Eye miniature in pearl surround with clouds. © Birmingham Museum of Art.

I was telling a friend about this piece and Lover's Eyes the other day and she thought there something creepy about them. I can understand how they might seem like odd little objects to a modern audience. Especially because of the inclusion of hair work. However, how far is this really from parents keeping baby teeth or locks of hair today? Not so far, I think. The focus on the eye in isolation of the rest of the body, too, which I would argue has become something unsettling largely through its use on horror movie posters, lends an atmosphere of discomfort to some modern viewers. For me, it's easy to look past these aspects (even though I'm weird about eyes) and just see the romance. The intimacy and familiarity they imply as well as the ceremony of wearing and carrying around jewellery or mementos to keep a loved one in mind (especially when they actually contain a little part of that person) is beautiful to me. I would totally rock one of these.

How about you guys? What do you make of Lover's Eye miniatures?

Monday, 24 March 2014

TanOrganic Love and Use.

I'm not a fake tan kind of girl, I have to say. However, I do approve of the people who might be willing to burn, using it instead. I also approve of using an Irish product which is the only organic fake tan in the world.

At the launch of their new bronzer, I got a few products which have become major faves. The tan went directly to my little sister who has received many a compliment since using it. And I've been using the bronzer, Argan oil and exfoliating mitt religiously.

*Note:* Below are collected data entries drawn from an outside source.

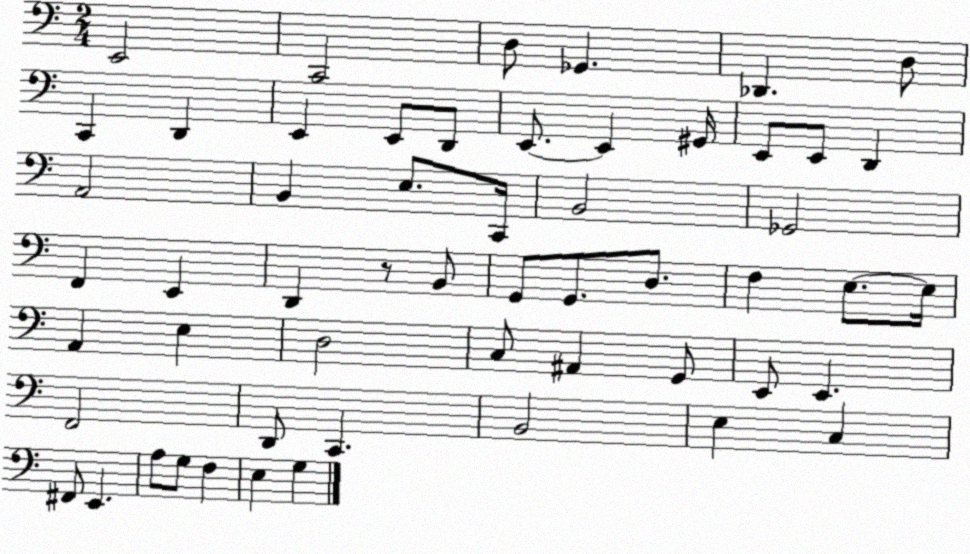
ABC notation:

X:1
T:Untitled
M:2/4
L:1/4
K:C
E,,2 C,,2 D,/2 _G,, _D,, D,/2 C,, D,, E,, E,,/2 D,,/2 E,,/2 E,, ^G,,/4 E,,/2 E,,/2 D,, A,,2 B,, E,/2 C,,/4 B,,2 _G,,2 F,, E,, D,, z/2 B,,/2 G,,/2 G,,/2 D,/2 F, E,/2 E,/4 A,, E, D,2 C,/2 ^A,, G,,/2 E,,/2 E,, F,,2 D,,/2 C,, B,,2 E, C, ^F,,/2 E,, A,/2 G,/2 F, E, G,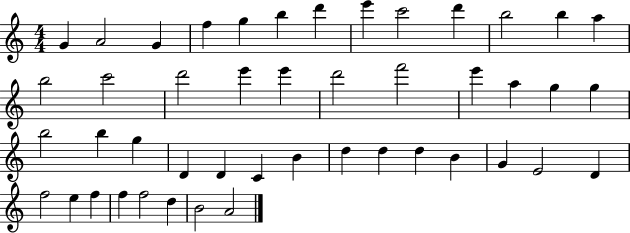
X:1
T:Untitled
M:4/4
L:1/4
K:C
G A2 G f g b d' e' c'2 d' b2 b a b2 c'2 d'2 e' e' d'2 f'2 e' a g g b2 b g D D C B d d d B G E2 D f2 e f f f2 d B2 A2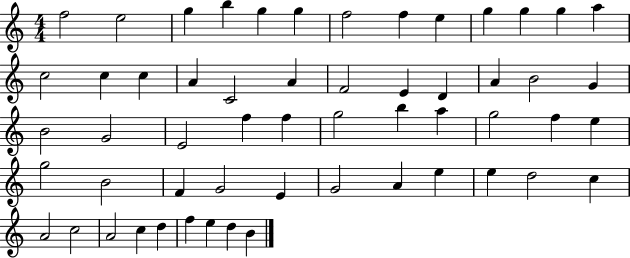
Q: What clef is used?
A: treble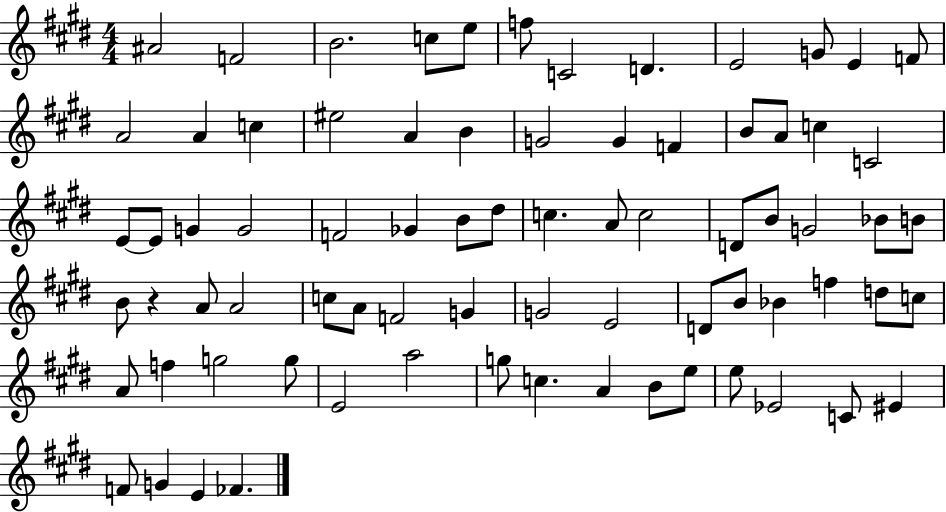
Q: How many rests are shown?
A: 1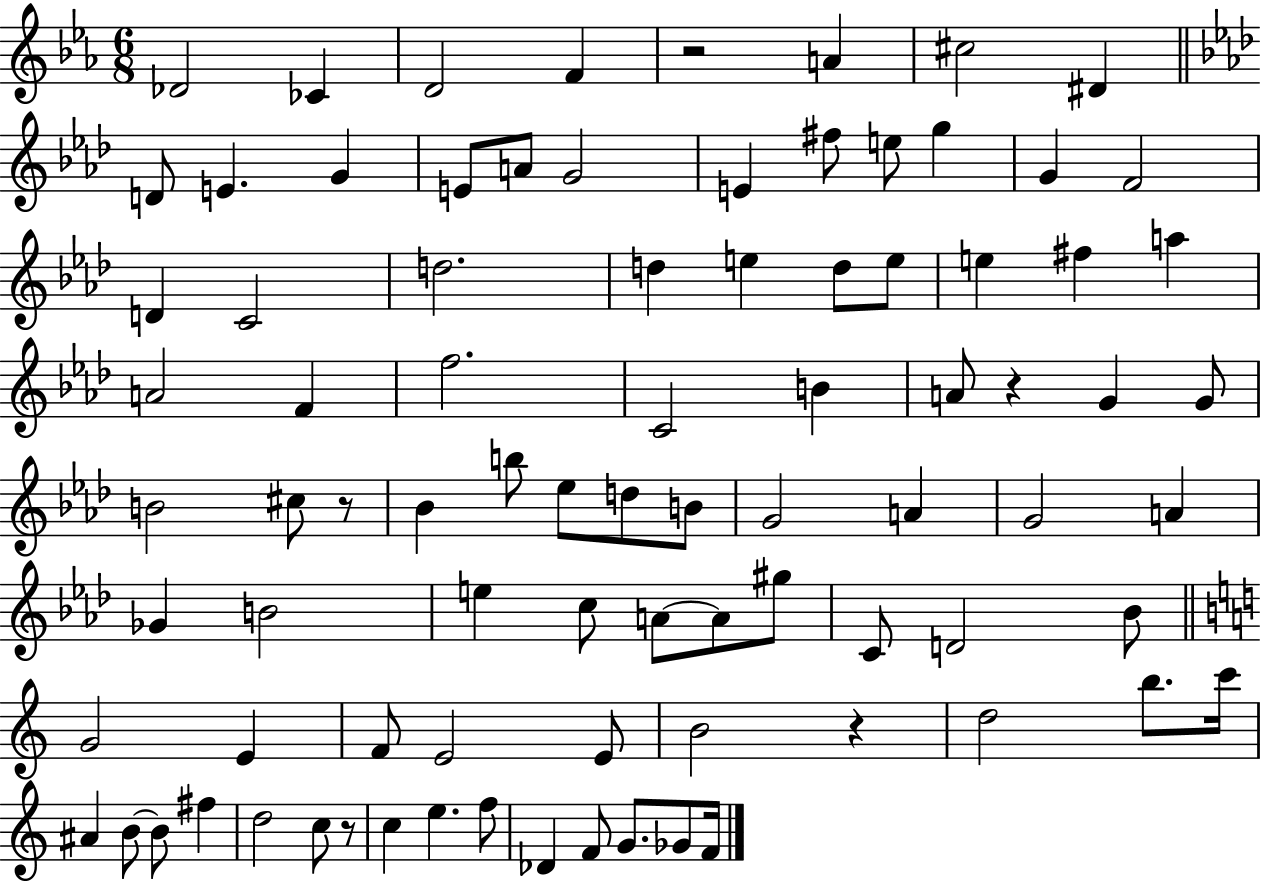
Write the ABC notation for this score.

X:1
T:Untitled
M:6/8
L:1/4
K:Eb
_D2 _C D2 F z2 A ^c2 ^D D/2 E G E/2 A/2 G2 E ^f/2 e/2 g G F2 D C2 d2 d e d/2 e/2 e ^f a A2 F f2 C2 B A/2 z G G/2 B2 ^c/2 z/2 _B b/2 _e/2 d/2 B/2 G2 A G2 A _G B2 e c/2 A/2 A/2 ^g/2 C/2 D2 _B/2 G2 E F/2 E2 E/2 B2 z d2 b/2 c'/4 ^A B/2 B/2 ^f d2 c/2 z/2 c e f/2 _D F/2 G/2 _G/2 F/4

The Argan Oil, or Oil Arganic (€24.99), - so witty - has quite a dent in it already! I use it in my hair on almost a daily basis, just pouring a little into my palms and running it through. It's also useful as a natural way to tame fly-aways. And I have to say, after using it for a while now, my hair is a lot better behaved and healthier looking. And less with the knots too! Though it can be used on your hair, it was primarily intended for the body and I also use it as a moisturiser after showering.  It smells lightly of lemons and oranges which is a major plus as well.

The Tan-Erase exfoliating mitt (€14.99) is cracked out a few times a week and my skin is always noticably softer afterwards with the combination of mitt and Argan oil. It's also not too rough. It removes the dead skin without agitating my skin.

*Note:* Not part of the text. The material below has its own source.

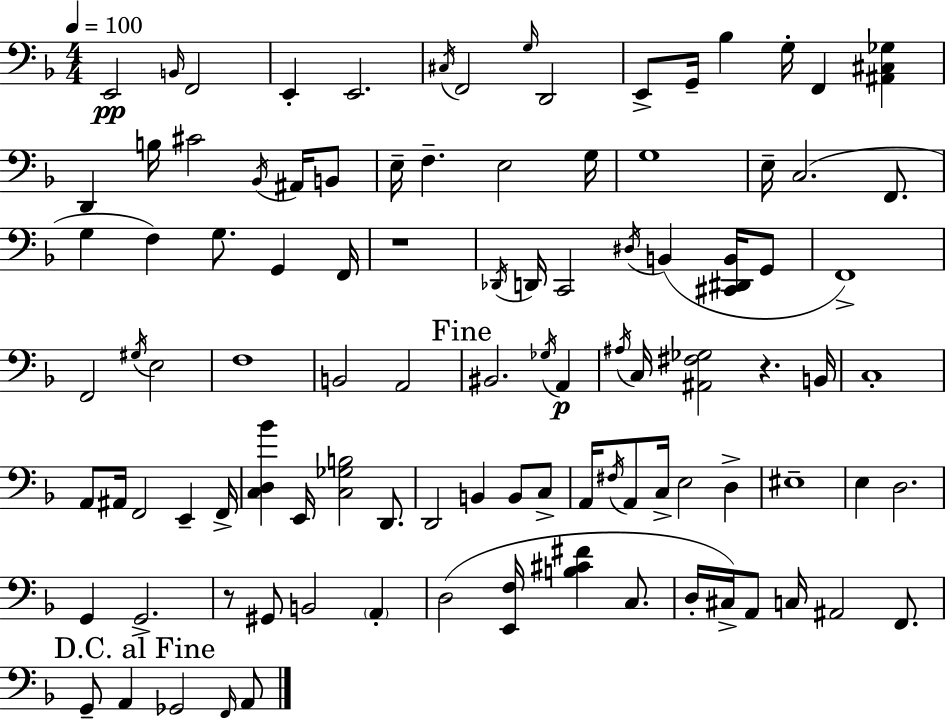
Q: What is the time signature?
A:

I was going to say that the serious coup is the Bronzing Powder (€29.90) but that would be unfair to how much I love the Oil Arganic. However, the bronzer is gorgeous. First of all, the wooden packaging (reminiscent of Tarte products) is majorly cute and a lovely touch. The shades are so beautiful - a matte cocoa brown and a shimmer sandy colour. This product is a great multi-use - something I always approve of. I use it for bronzer, contouring and eyebrows. 

Here's a quick outline of what I do.

1. Start with unadorned face as I did today.

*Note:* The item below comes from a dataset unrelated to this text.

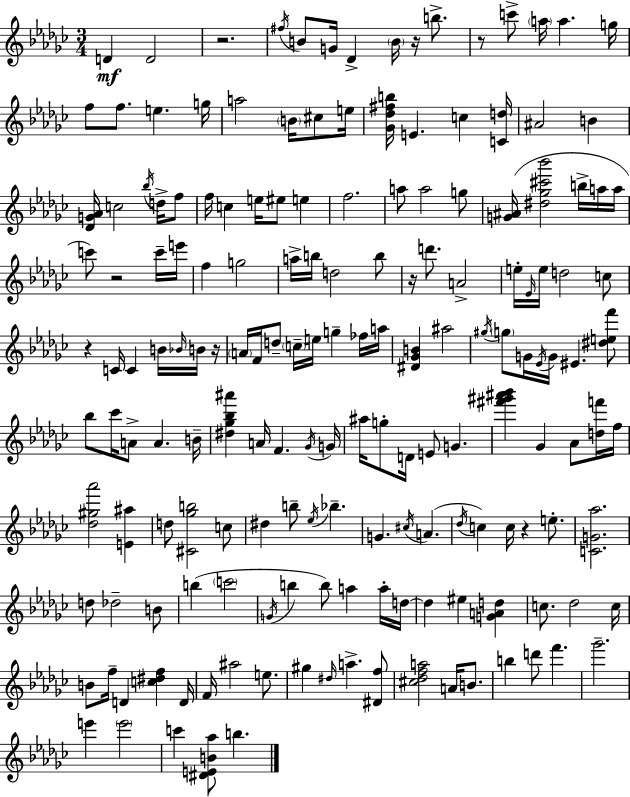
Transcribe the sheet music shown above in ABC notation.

2. Load a blusher brush with the matte shade.

And contour! I do a '3' shape on my face, starting at the temple, tracing down under the cheekbones and then around the jawline.

PS Sucking in my cheeks helps me find those wily cheekbones!

3. Using the same brush (I don't bother switching), I dust the shimmer shade over my cheeks, forehead, nose, chin, neck and chest.

Again, the silly face to make sure I'm on track.

Notice a difference yet?

4. Using an eyeshadow brush loaded with the matte shade, I fill in my brows.

5. I may also use this brush and shade to shape and contour my nose. I apply to the sides of the nose, up towards the inner edge of the brow and blend the crap out of it!

How about the difference now?

6. I then use a different eyeshadow brush with the shimmer shade to highlight the centre of the nose, under and above the eyes and the philtrum. If I'm not wearing full-on makeup, I'll use the same shade for a splash of colour on my eyelid.

All that put together looks like this.

If I am wearing BB cream it goes on before any of this. However, if it's a light, s/s look I just add concealer to relevant areas and powder over the entirety. I'll also probably add a lip balm and some mascara. Which then looks like this:

So, there you have it - products I've been loving and how I use them. Sorry this post was so full of pictures of my face! 

Have you tried any of the above? What did you think?